Jessica McGovern set up the Lincoln Apartment Bakery in Montreal

 

By her own admission, Jessica McGovern has always found it difficult to choose what to do in life. But far from being a liability, her natural restlessness has allowed her to see a dizzying number of countries while working as a teacher, journalist and, now, bakery teacher.

Currently based in Montreal, she’s just about to hop on a flight to Tokyo with her boyfriend to practice the Japanese they’ve been learning for the past six months. But, not before a cup of tea and some shortbread coated with a generous layer of creamy chocolate.

It’s been six months since McGovern set up the Lincoln Apartment Bakery, teaching tipsy bachelorette parties how to bake naughty-shaped cakes and cookies. What began as a hobby has now turned into a fully-fledged business.

She left Galway City more than a decade ago to study English and drama at Queen’s University in Belfast. “It was fun, but useless,” she says. Degree under her belt, she went to Ghana, where she worked in an orphanage in the slums of Accra for six months.

From there, it was off to China to work as a teacher, picking up some Mandarin along the way. Eventually, taking a circuitous route through Australia and the Middle East, she found herself in Edinburgh, where she took a master’s in journalism at Napier University.

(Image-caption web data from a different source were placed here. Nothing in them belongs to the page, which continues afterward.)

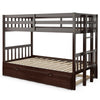 Twin pull-out bunk bed in espresso with wooden ladder and trundle, featuring full-length guardrails for safety.
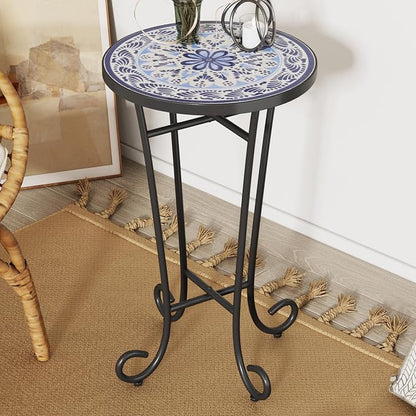 Merax Patio Side Table for Small Space, 23" Height Metal Outdoor Indoor Round Side Table, French Country Style, Small End Table for Patio Yard Porch Balcony Garden Bedside Plant Stand, Brown+Black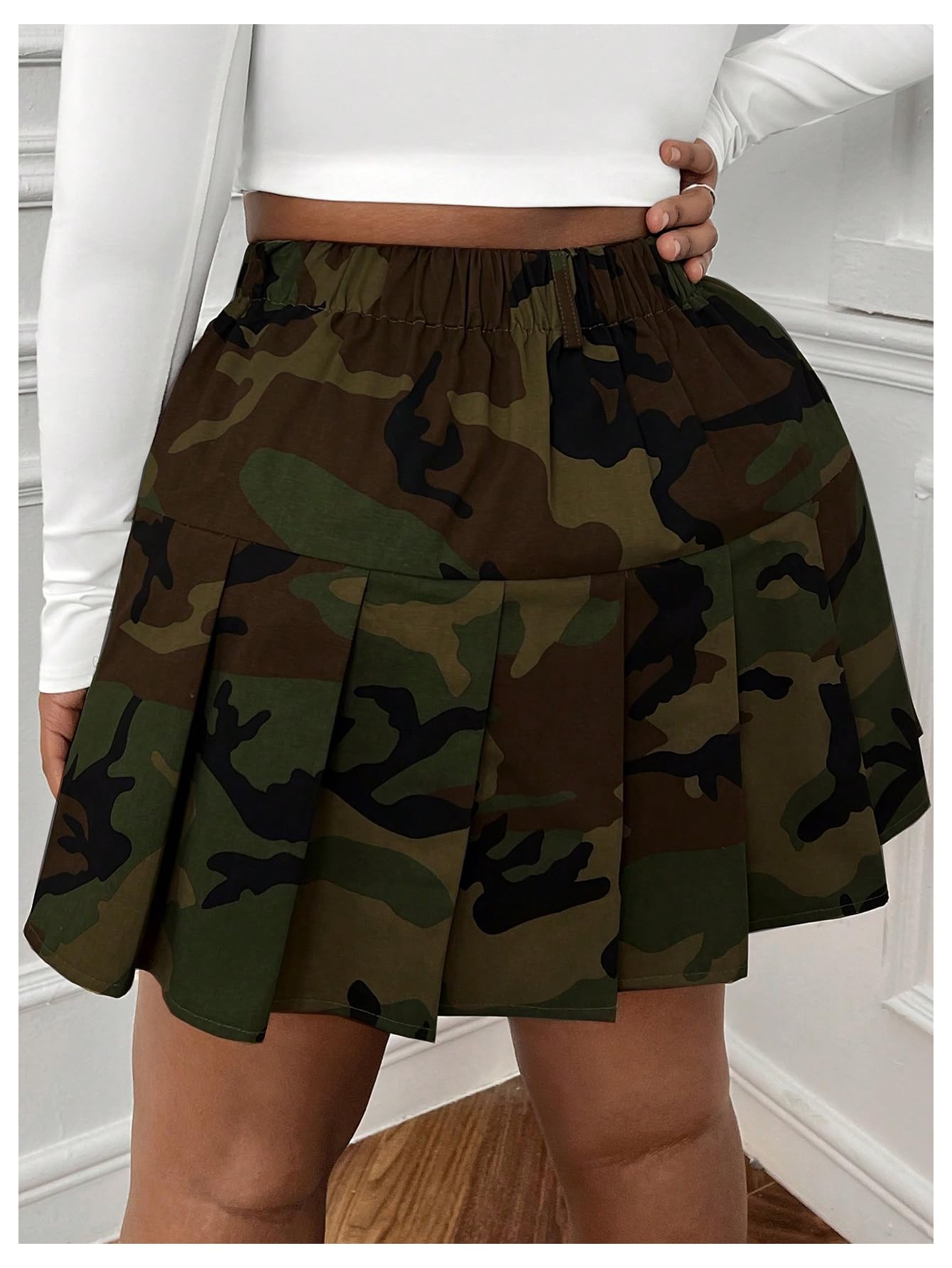 Floerns Women's Plus Size Camo Print Skirt Elastic Waist Pleated Hem Short Skirt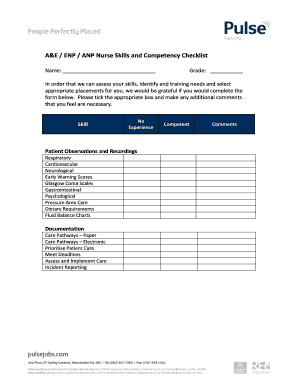 A&E Nurse Skills and Competency Checklist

“I did the course because I thought it would be great for the connections,” she says. This proved to be true when she landed a plum internship at Reuters, a month-long stint that boosted her portfolio no end, earning her bylines in the international press.


‘Baptism of fire’
The summer after her course, she headed to Vancouver to write her thesis on Chinese immigration. While there, she developed a taste for the free-wheeling West vibe of the city, with its beaches and impressive mountain backdrop. “It felt like a movie,” she says.

But Canada would wait for now. Thesis out of the way, she stumbled upon an online ad for an editor’s job with an expats’ newspaper in France. Nailing the job after a phone interview, she hopped on a plane to Nice, where she lived a jet-set lifestyle for a year-and-a-half

The job, her first in journalism, was a “baptism of fire”, a crash course in managing editorial, liaising with advertising and navigating office politics. But, assignments such as the Cannes film festival – where she shook hands with Stephen Spielberg – made it all worthwhile.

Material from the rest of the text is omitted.